• **EXERCISE PROMPT**
Print the data below exactly, but only the lines from the one containing "Main Image of" down to the one containing "Bonfire Cross Stitch", inclusive.

• **PROVIDED DATA**
BEGIN
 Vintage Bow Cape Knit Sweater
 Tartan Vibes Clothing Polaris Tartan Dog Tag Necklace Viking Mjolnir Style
END
BEGIN
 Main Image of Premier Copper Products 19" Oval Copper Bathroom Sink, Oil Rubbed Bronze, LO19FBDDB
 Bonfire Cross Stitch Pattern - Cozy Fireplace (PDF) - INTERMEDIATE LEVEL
END
• **EXERCISE OUTPUT**
 Main Image of Premier Copper Products 19" Oval Copper Bathroom Sink, Oil Rubbed Bronze, LO19FBDDB
 Bonfire Cross Stitch Pattern - Cozy Fireplace (PDF) - INTERMEDIATE LEVEL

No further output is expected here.